PLOT:After finding a fossil of a monster-like hand in the Amazon, Dr. Carl Maia (Antonio Moreno) unites with couple David Reed (Richard Carlson) and Kay Lawrence (Julie Adams) with fellow scientist, Mark Williams (Richard Denning), to form an expedition party to dig up the rest of the fossil. However, they discover when they get there that the rest is nowhere to be found. They form a hypothesis that the soil may have eroded and been dragged down river with the fossil. This leads them to the Black Lagoon, where it's rumored that no one has returned. While searching there, they get more when they bargained for when they find the creature: a living version of thier fossil. The creature immediately falls in love with Kay and decides to terrorize the crew. It's a good plot executed well for its time.
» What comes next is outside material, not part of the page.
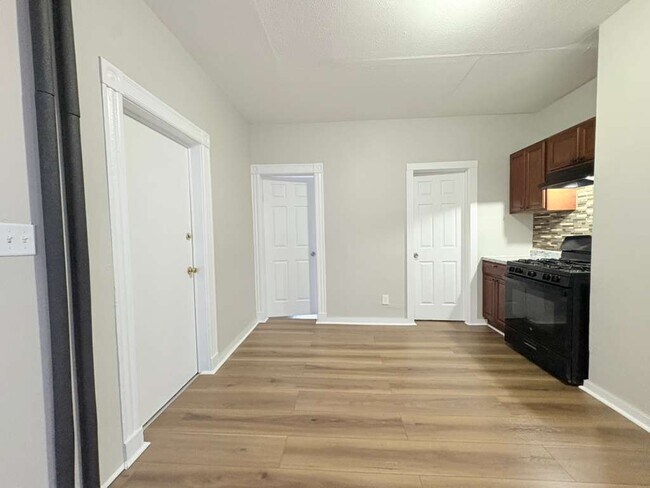 Photo - 552 Dixwell Ave Unit 1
ACTING:The acting in here is pretty good. I'd say that Julie Adams stole the screen as Kay Lawrence her beauty and terror both shine in here as she flees from the creature. Carlson also does a pretty good job as David as he takes control of the screen as our brave hero. The other shiners were Antonio Moreno as Dr. Carl Maia and Nestor Paiva as Lucas. I actually believe this was one of Richard Denning's lesser roles. He just didn't do the job for me.
SCORE:The score kind of got on my nerves. It was mainly just mood-fitting horror score, but it got on my nerves when they kept playing the same theme over and over again whenever the creature appeared.
EFFECTS:The effects used on the creature may be dated now, but I find it still an unsettling sight to see it in its entirety. Sure, it's a big human fish, but it still looks a bit creepy. For its time, these effects were considered pretty well done. It's still a freaky scene to see that monsterish hand creeping through the porthole of the boat.
OTHER CONTENT:This is one horror movie that everyone should know by sight. It's very iconic; the music, the setting, and the monster itself are all very well-known among cinephiles and some casual movie-watchers alike. Also, the movie is still very suspenseful and memorable, not to mention well-shot with the camera. However, it is still just a B-movie that time wasn't particularly good to. It's cheesy, dated, and not as scary as it was back then. It does have its highlights, but I feel its time has passed along with it. I actually believe if the right mind remade this movie, it would be pretty great. Yet, I am not film director, so it may be better left alone.
OVERALL,a good horror movie with a good plot, good acting, annoying score, still-unsettling effects, iconic aspects not forgotten, lots of suspense, and memorable scenes, but it's cheesy, dated, and left in its time.